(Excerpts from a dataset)
━━━

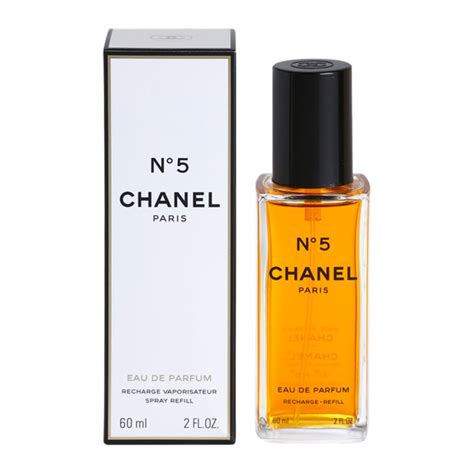 chanel n 5 recharge vaporisateur|chanel no 5.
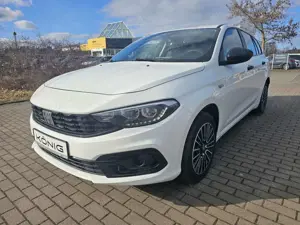 Fiat Tipo Kombi 1.5, *Automatik*,8x Bereift
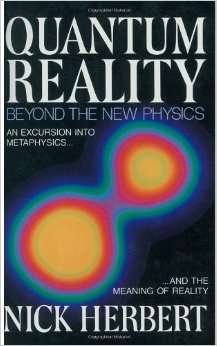 Cover of Quantum Reality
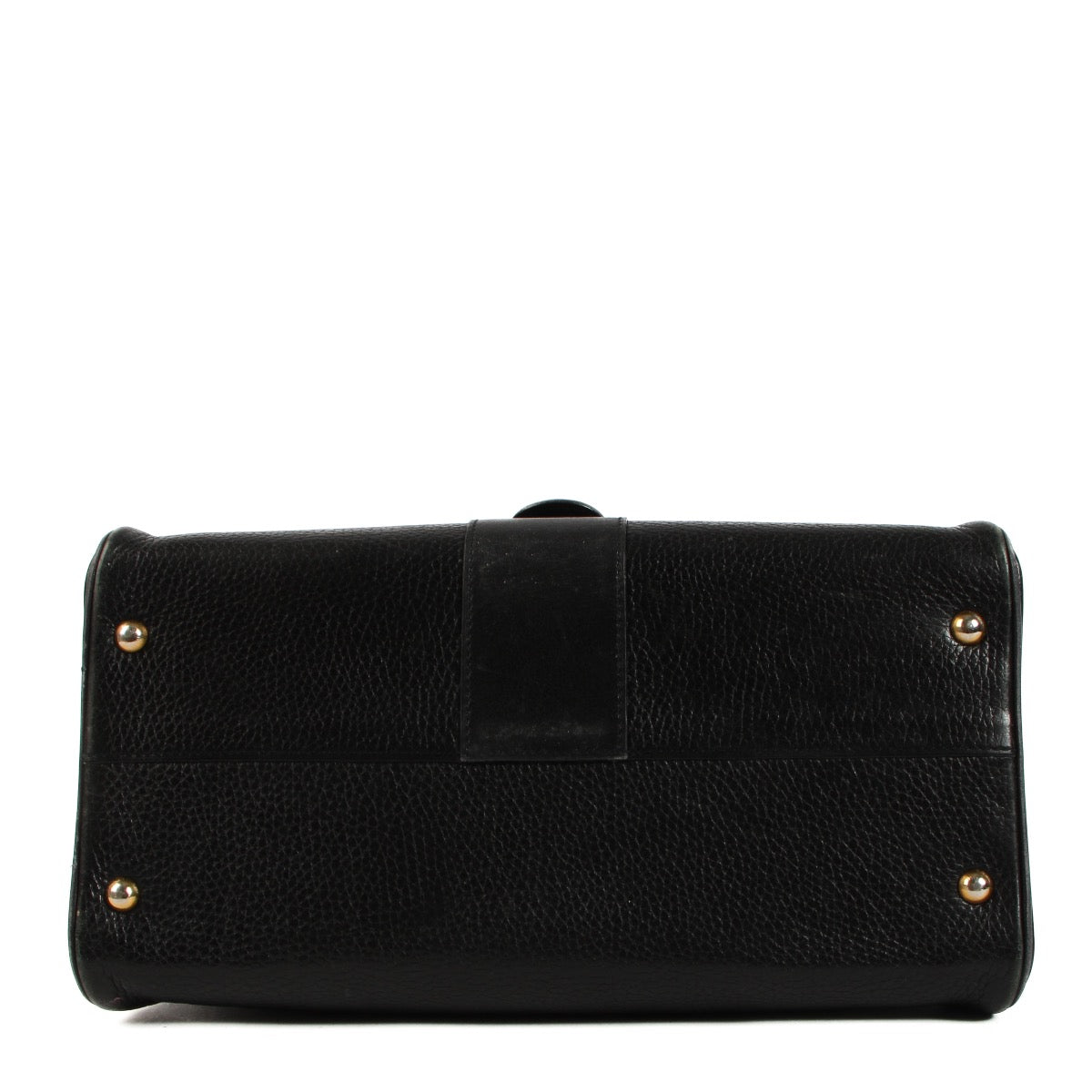 Shop 100% authentic second-hand Delvaux Black Brillant MM on Labellov.com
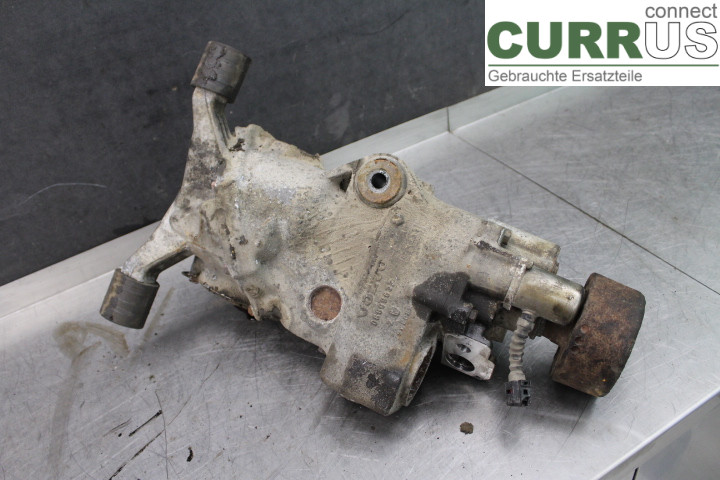 VOLVO V70      00-04 Differentiel S175132 2,4D/D5244T
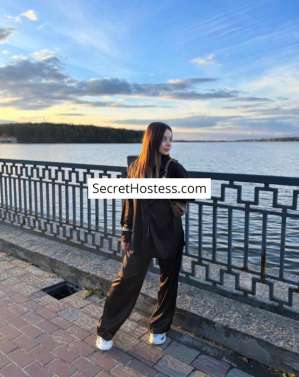 Angel 22Yrs Old Escort 48KG 163CM Tall Dubai Image - 3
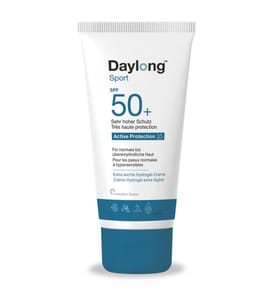 Sport Active Protection Hydrogel-Creme SPF 50+ 50ml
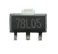 78L05 SMD Voltage Regulator In Pakistan SOT89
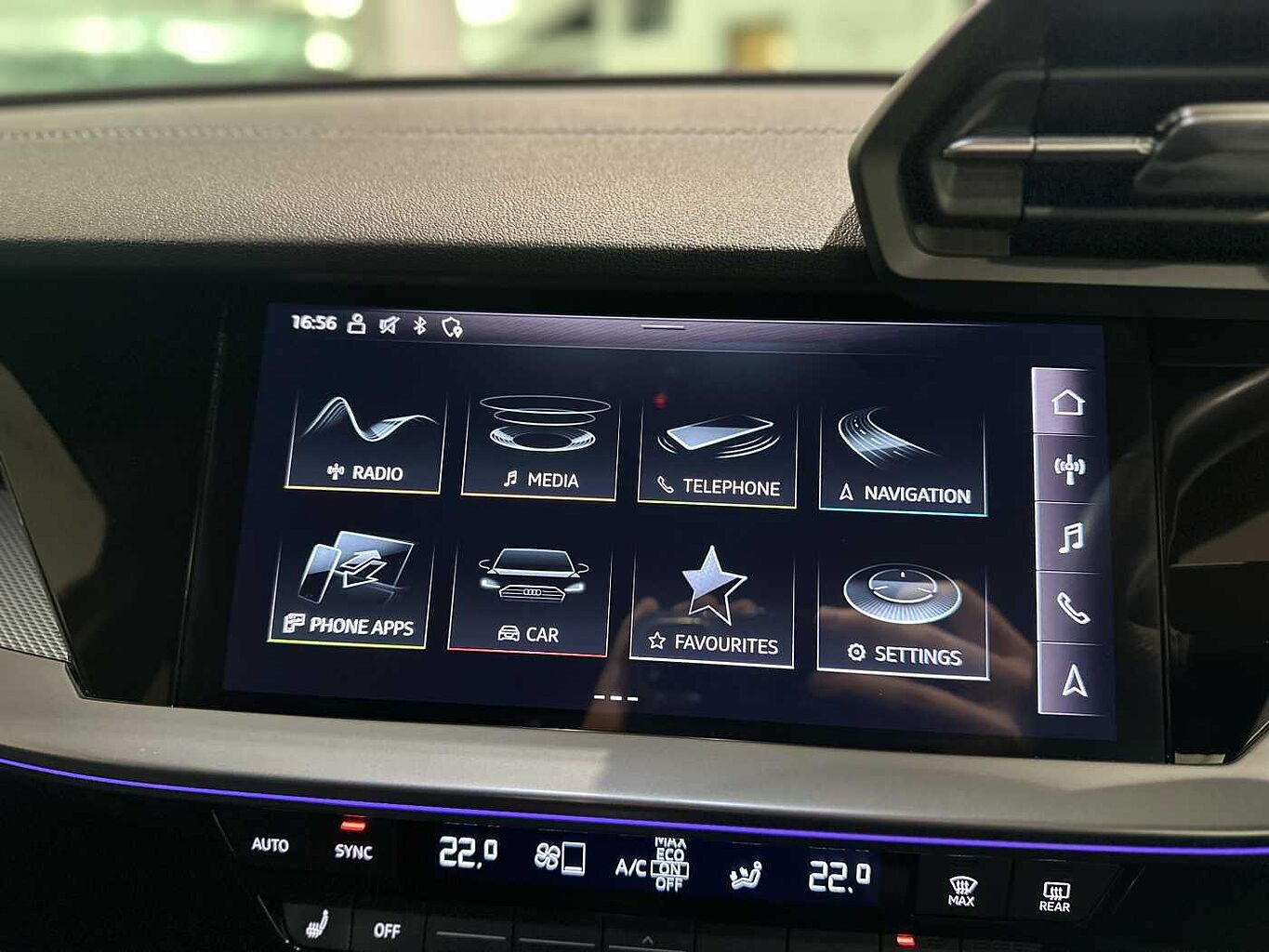 Used Audi A3 2023 for sale - 77124648: Photo 23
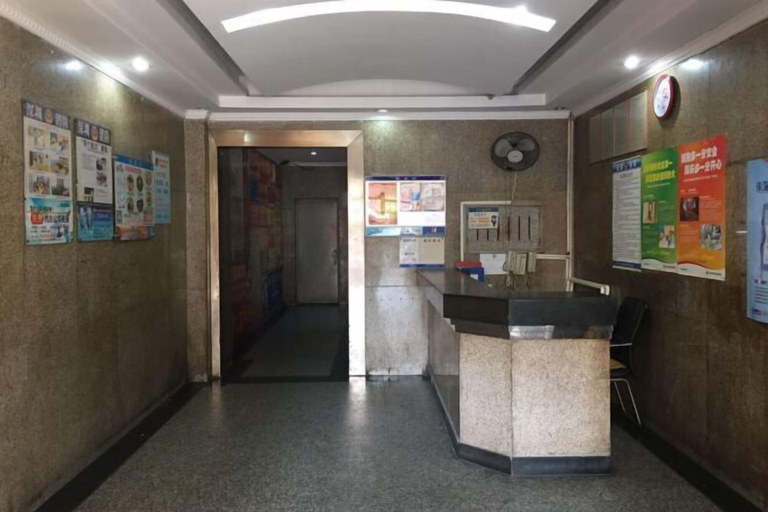 Others 4, Xiangpeng Hotel, Shenzhen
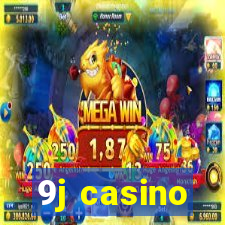 9j casino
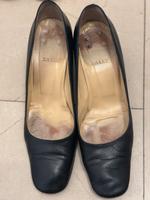 Bally, Pumps, schwarz Gr.39 Düsseldorf - Angermund Vorschau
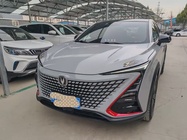 Changan UNI-T 2021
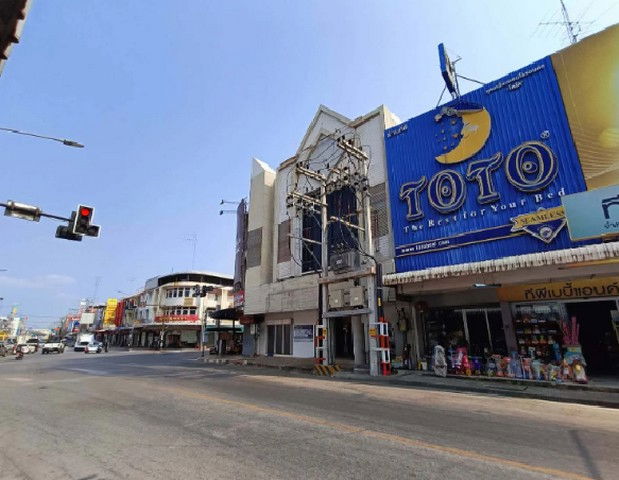 picture FOR SALE  OFFICE PROPERTY  15500000 BAHT. - 2/8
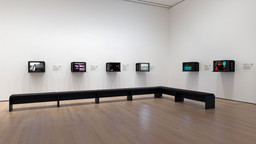 Installation photo, 22 of 65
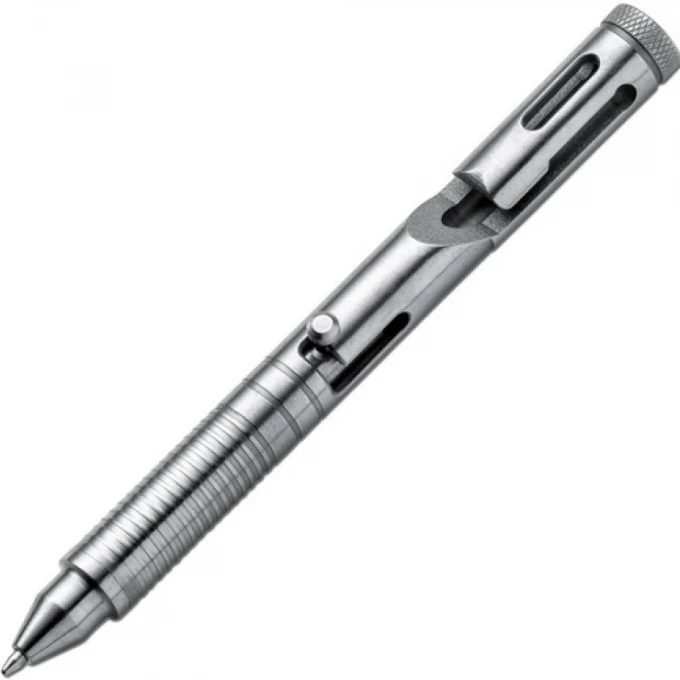 Ручка BOKER CAL .45 TITANIUM BK09BO089 Ручка BOKER CAL .45 TITANIUM BK09BO089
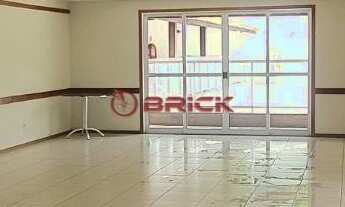 Imagem 4: Apartamento para locação com 3 quartos sendo 1 suíte, 90 m² na Tijuca - Teresópolis/RJ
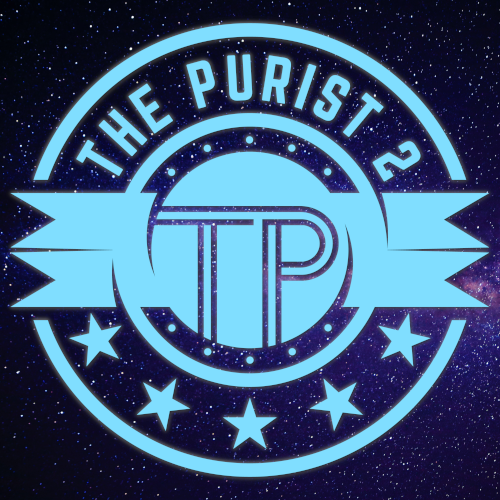 Profile photo for @thepurist2
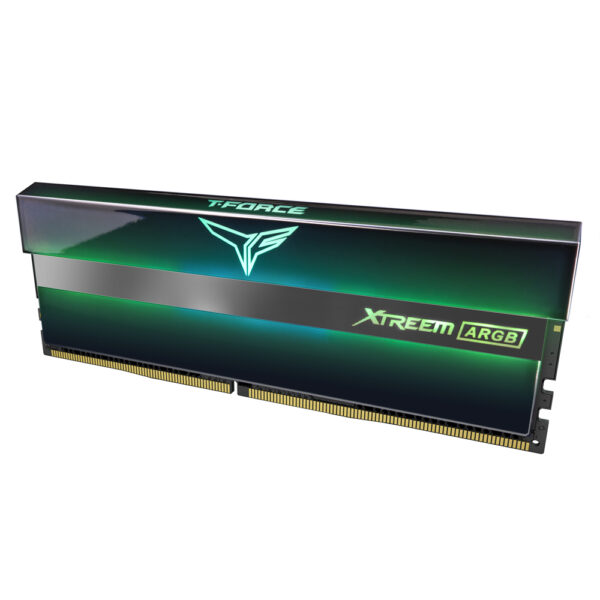 16GB (2x8GB) TEAM GROUP T-FORCE EXTREEM ARGB 3600MHz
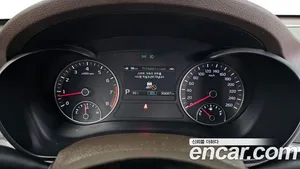 Kia K5, 2019 — миниатюра 11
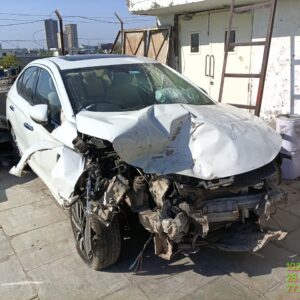 HONDA CITY I DTEC ZX,2021,Diesel,NEW DELHI,DL(WITH RC)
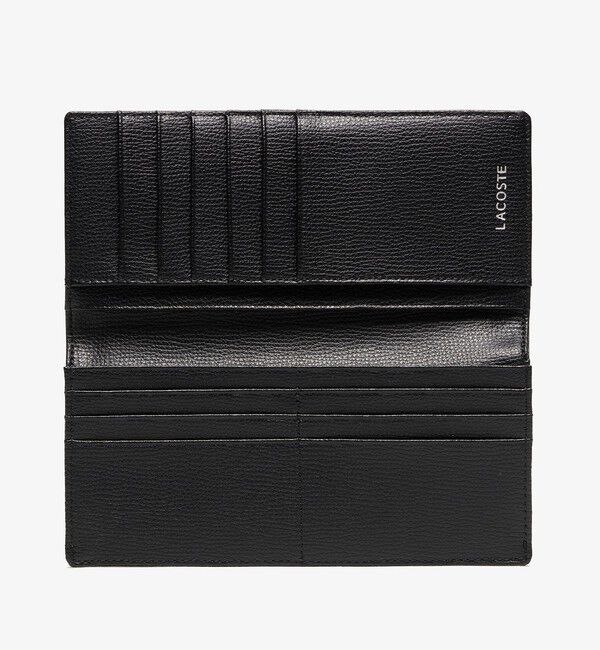 LACOSTE「ロングウォレット」|財布|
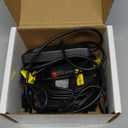 MLSK91-A1 11-Button Remote & Control Box Kit for Mulin Motor Systems | Compatible with Catnapper Power Lift Chairs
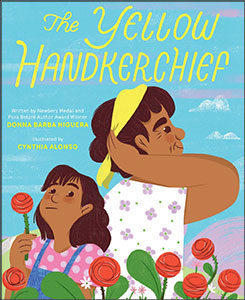 The Yellow Handkerchief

━━━

▸ Work to be completed
Would you please repeat each record exactly? Leave the pictures out.

▸ Task result
 chanel n 5 recharge vaporisateur|chanel no 5.
 Fiat Tipo Kombi 1.5, *Automatik*,8x Bereift
 Cover of Quantum Reality
 Shop 100% authentic second-hand Delvaux Black Brillant MM on Labellov.com
 VOLVO V70      00-04 Differentiel S175132 2,4D/D5244T
 Angel 22Yrs Old Escort 48KG 163CM Tall Dubai Image - 3
 Sport Active Protection Hydrogel-Creme SPF 50+ 50ml
 78L05 SMD Voltage Regulator In Pakistan SOT89
 Used Audi A3 2023 for sale - 77124648: Photo 23
 Others 4, Xiangpeng Hotel, Shenzhen
 9j casino
 Bally, Pumps, schwarz Gr.39 Düsseldorf - Angermund Vorschau
 Changan UNI-T 2021
 picture FOR SALE  OFFICE PROPERTY  15500000 BAHT. - 2/8
 Installation photo, 22 of 65
 Ручка BOKER CAL .45 TITANIUM BK09BO089 Ручка BOKER CAL .45 TITANIUM BK09BO089
 Imagem 4: Apartamento para locação com 3 quartos sendo 1 suíte, 90 m² na Tijuca - Teresópolis/RJ
 Profile photo for @thepurist2
 16GB (2x8GB) TEAM GROUP T-FORCE EXTREEM ARGB 3600MHz
 Kia K5, 2019 — миниатюра 11
 HONDA CITY I DTEC ZX,2021,Diesel,NEW DELHI,DL(WITH RC)
 LACOSTE「ロングウォレット」|財布|
 MLSK91-A1 11-Button Remote & Control Box Kit for Mulin Motor Systems | Compatible with Catnapper Power Lift Chairs
 The Yellow Handkerchief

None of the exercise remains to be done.